To hold crypto currency such as bitcoin or ethereum somewhere, a wallet is needed. Wallets are applications that allow for your ownership of a particular “account” on a blockchain to be verified. This means you can access whatever is held by that account and send/transfer it.

Receiving any asset to the wallet can happen without your consent however, all actions depend on the sender, and in order to send to an account you only need to know that accounts “public key” commonly referred to as an “address.”

Addresses are unique for each wallet on a blockchain and serve as a combination of location and username. To create a wallet on a blockchain you could use a popular one such as Metamask for ethereum, or if you are a tech savvy hacker, just tap right into the proverbial matrix and make one on your own.

In this second case, you would be able to bypass any company or product. The wallet would be made by you, on a decentralized chain, and known about only by you.

In such a system how could anything ever be truly regulated?

One awesome advantage of blockchains is the ability to track the movement of funds.

Let’s say that a popular site that accepts bitcoin is hacked or its security compromised in some way. We know that a specific bitcoin was stolen as part of that security breach. Because blockchains are public we can then see all the wallet addresses that that bitcoin was moved to.

We may never know who created the wallet with a specific address, but we know that it’s suspicious because it has bitcoin in it from a “heist.”

In his considerations for how to regulate this, Bankman-Fried reminds us that you don’t need to consent to receiving crypto into a wallet. So if someone is truly nefarious, they could steal funds and then send fractions of the bitcoin to millions of users making them all look suspect.

Because of this, there is no recommendation to actually freeze or sanction receiving accounts in whole/forever but instead only their suspicious funds.

The most interesting part of the proposal comes from how to actually maintain and track the addresses of sanctioned accounts.

If OFAC has a list of all addresses that are sanctioned, Bankman-Fried points out that we can assume any address sending assets into that sanctioned wallet should also be sanctioned.

He proposed a list of all of these addresses to be stored on-chain. This would entail OFAC creating some form of blockchain software that publishes a list of all wallets that are not-to-be-interacted-with into data that lives permanently on the blockchain. While not mentioned in his letter, it would make the most sense for these to live in a separate list for each blockchain that exists on said blockchain.

With a publicly available list that’s entire history is guaranteed accurate and uneditable, any private company, public institution or individual could access that list and ensure that they are adhering to the most recent sanctions.
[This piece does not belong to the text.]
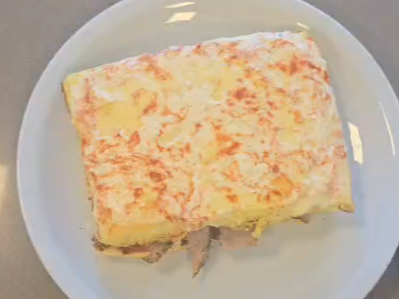 6. Sándwich de pan nube con cerdo, queso y tomate.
If done with code, it would be a one time ordeal to integrate the check, and you would always be able to trust that the list, maintained by OFAC was up to date.

While the proposal goes into many other recommendations, getting a government agency involved in storing data like sanctioned wallet addresses on a blockchain stood out as a particularly big deal. This would be more than a law, or a published paper, but an active commitment towards using blockchain technology as a core part of our financial regulation landscape.